Tan Dun
Marco Polo, 1996
Partition des métissages

Avec son librettiste Paul Griffiths, Dun imagine l’épopée de l’occident vers l’orient, de Venise vers la Chine, en deux parties successives: Marco, puis Polo (deux faces d’une même individualité, chantées séparément par deux voix incarnées, respectivement soprano et ténor). Marco désigne l’être extérieur du Vénitien ivre de découvertes et de terres inconnues (l’être, le faire); Polo renvoie à son identité plus profonde, intérieure, secrète, consciente ou non (l’esprit, la mémoire). A cela, les auteurs déploient l’action en trois registres différents et parallèles: physique, spirituel, moral.
Rustichello est ainsi l’accompagnant du voyage physique de Marco Polo: à la fois « première ombre » et narrateur auquel le Voyageur dicte ses mémoires (alors qu’il est emprisonné dans les prisons de Gênes entre 1298 et 1299). C’est un guide à la manière de Virgile conduisant Dante dans La divine Comédie. Tan Dun n’hésite pas à citer Gustav Mahler et même Puccini, colorant ce volet de teintes résolument occidentales.
Dans le voyage spirituel, les 3 étapes de l’existence humaine sont évoquées: passé, présent, futur. L’espace-Temps y réunit les quatre saisons de la vie et l’écriture musicale emprunte beaucoup aux modes asiatiques.
D’une geste riche en symboles, la mise en scène de la présente production démêle les écheveaux, sachant mettre l’accent sur les temps forts d’une action conçue comme un rite de passage, une initiation lente mais inéluctable. Ce voyage dans le temps et l’espace renvoie Marco Polo à ses racines les plus intimes.

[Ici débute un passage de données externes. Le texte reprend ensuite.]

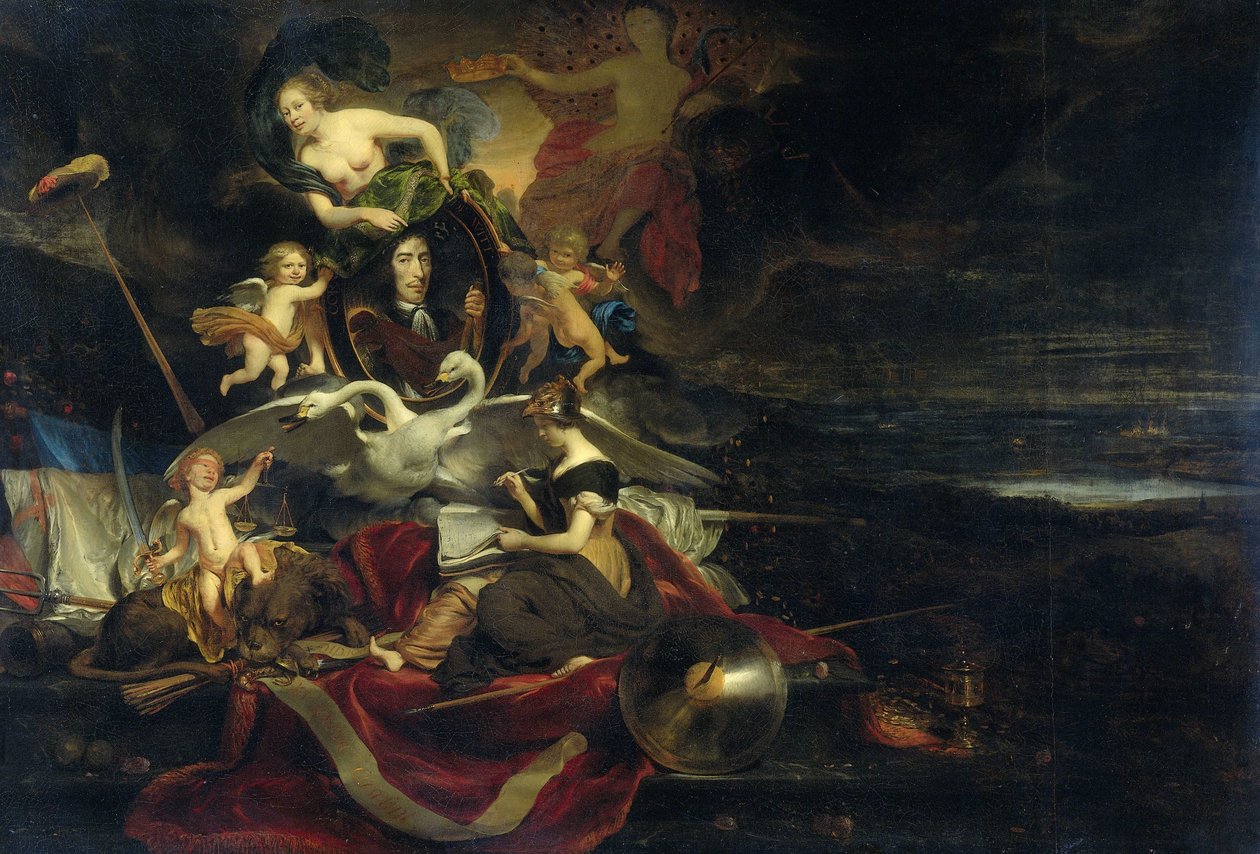 Alegoria holenderskiego najazdu na Medway (1667), z portretem Cornelisa de Witt autorstwa Cornelis Bisschop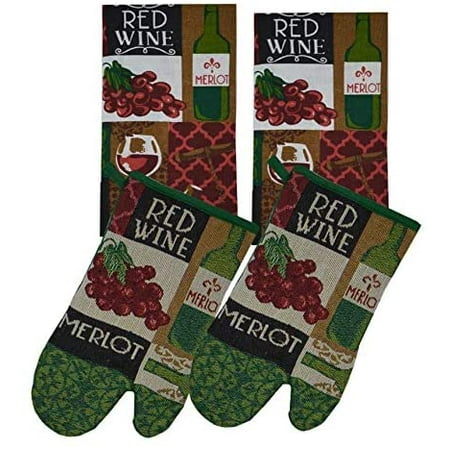 

Set 4 100% Cotton Kitchen Linen Set. (2 Dishes Clothes & 2 Oven Mitts) (Winery)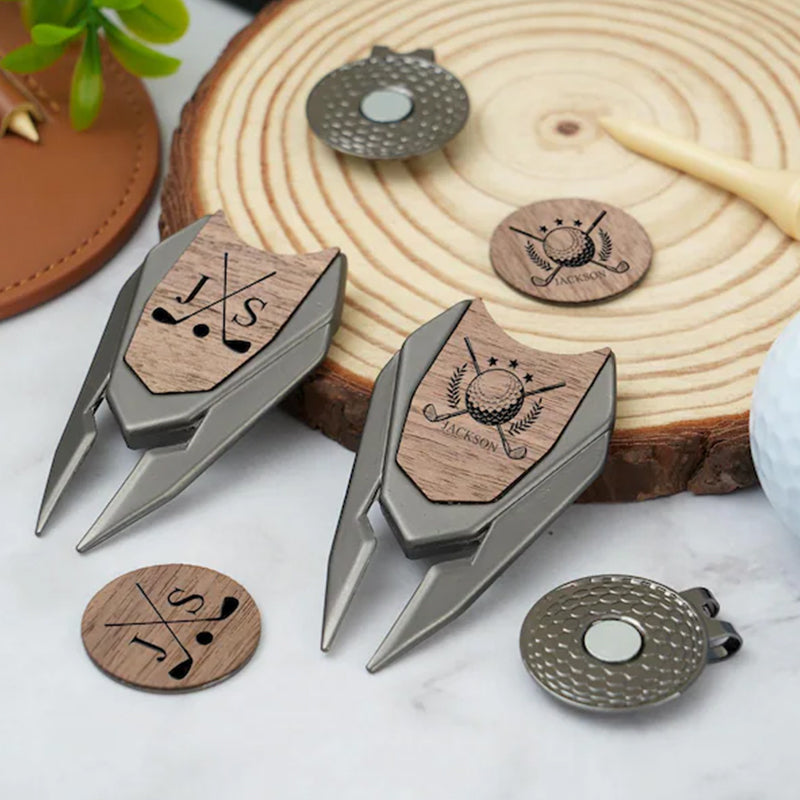 Personalized Golf Gift Set: Engraved Divot Tool & Ball Marker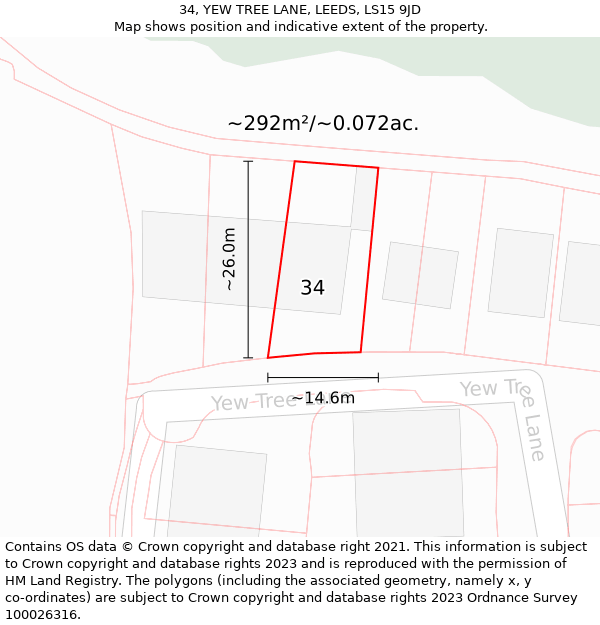 34, YEW TREE LANE, LEEDS, LS15 9JD: Plot and title map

La scénographie de Pierre Audi rétablit la part onirique d’un drame qui doit se comprendre comme une vaste réflexion imaginée sur les thèmes multiples, complexes de la rencontre, des voyages: leur but ultime est bien la quête de sa propre vérité.
Dans ce périple personnel, semé de nombreuses épreuves imagées (la production est en cela un très beau livre d’images, de la Piazza San Marco à la Grande Muraille, des mondes médiévaux d’Occident à la cour de Chine, traversant les saisons, de l’hiver à l’automne…), les chanteurs portent la déclamation spirituelle des personnages sans dénaturer le propos qui demeure celui de l’évocation plus que de la réalité d’une action concrète. Evidemment, la lecture bénéficie de la direction soignée, précise, nerveuse du compositeur lui-même.
Seul bémol: Charles Workman dans le rôle de Polo, déjà vu dans L’amour des trois Oranges de Prokofiev (Opéra de Paris, 2005): souffle court, psychologie sommaire, style tendu et plus contestable, aigus tendus voire déchirés. Dommage. Heureusement, Sarah Castle incarnant la part plus « concrète » de Marco relève le niveau. Mais la vraisemblance du Voyageur en quête d’initiation et de révélation en sort déséquilibrée.
Faiblesse d’autant plus criante que le spectacle visuel et scénique restent percutants, du début à la fin.
Tan Dun (né en 1957): Marco Polo, 1966. Avec Polo: Charles Workman. Marco: Sarah Castle. Kublai Khan: Stephen Richardson. Water: Nancy Allen Lundy. Shadow 1/Rustichello/Li Po: Zhang Jun. Shadow 2/Sheherazada/Mahler/Queen: Tania Kross. Shadow3/Dante/Shakespeare: Stephen Bryant
Chinese/Arabian dancer: Mu Na. Netherlands Chamber Orchestra. Cappella Amsterdam
Tan Dun, direction. Pierre Audi, mise en scène.
Enregistrement live au Muziektheater, Amsterdam, les 13 et 18 novembre 2008.
Bonus: Documentaire intitulé « The Music of Tomorrow », incluant entretiens avec l’équipe des créateurs et les interprètes principaux.